I think this is marginally more expensive than my suggestion, but I'm not 100% sure, and I think the critical paths are similar. My suggestion requires (after the load):

1 shift (4 bits right), unfortunately no byte-granularity shift is available.

2 PAND operations to ensure that the 'magic high bit' (0x80) is switched off (this bit is magic to PSHUFB)

2 PSHUFB operations to look up a table

1 PAND to combine the table.

... and then rejoins your implementation at the VPMOVMSKB.

I don't think your instructions are high latency unless you are using something surprising - VPOR/VPXOR/VCMP*B are all latency 1 on most recent Intel architecture operations.

Whether these techniques depends on context. I'd be surprised if vector operations do that well against short-to-medium writes. We found that a few of our sequences that are design to 'find the first match' saw no benefit from moving from SSE to AVX2 due to similar effects.

hoytech · on May 26, 2017

> Do you have a build-time option? Check at runtime at every call? Use templates to check at startup and run a different code path?

With glibc there's also the IFUNC option:

https://sourceware.org/glibc/wiki/GNU_IFUNC

haberman · on May 26, 2017

If you're using AVX instructions make sure to insert a vzeroupper after you're done, otherwise you take a big speed hit transitioning between SSE and AVX. The compiler will generate these automatically for AVX instructions it is emitting:

https://godbolt.org/g/jNXJyA

Here's an intrinsic for it:

http://technion.ac.il/doc/intel/compiler_c/main_cls/intref_c...

ot · on May 26, 2017

Little known fact about AVX: every time you use an AVX instruction Intel processors reduce the core frequency by a few percents for about a millisecond to avoid overheating (I guess because they need to turn on an otherwise unused functional unit).

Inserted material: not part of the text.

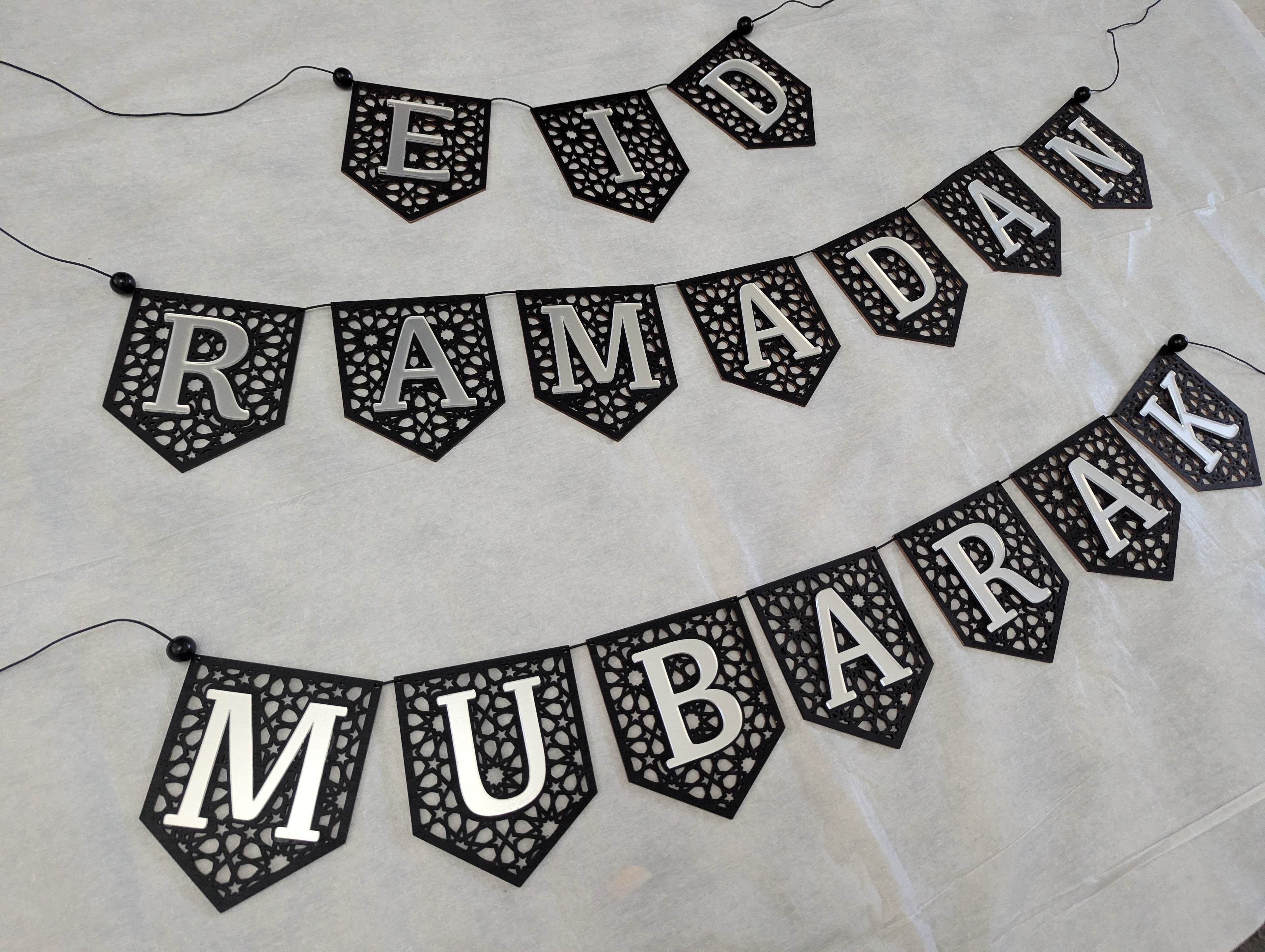 Set of 3 Ramadan Mubarak Eid Flag DIY Banners Acrylic and wooden Decoration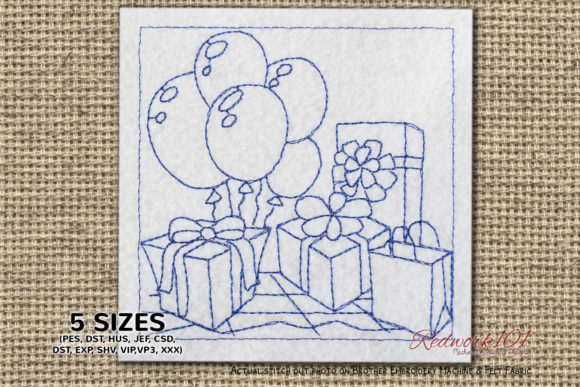 Big Gift Box with Balloons: A Joyful Embroidery Design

As a result, if you sprinkle some AVX instructions in your code but not enough to cause a significant efficiency win you might actually end up reducing your capacity (and affecting latency).

burntsushi · on May 27, 2017

Can you provide a citation for that or a link to more reading? I'm not asking because I don't believe you, but because I would like to learn more. :-)

ot · on May 27, 2017

Sure, see this doc from Intel: https://computing.llnl.gov/tutorials/linux_clusters/intelAVX...

"Intel AVX instructions require more power to run. When executing these instructions, the processor may run at less than the marked frequency to maintain thermal design power (TDP) limits."

...

"When the processor detects Intel AVX instructions, additional voltage is applied to the core. With the additional voltage applied, the processor could run hotter, requiring the operating frequency to be reduced to maintain operations within the TDP limits. The higher voltage is maintained for 1 millisecond after the last Intel AVX instruction completes, and then the voltage returns to the nominal TDP voltage level."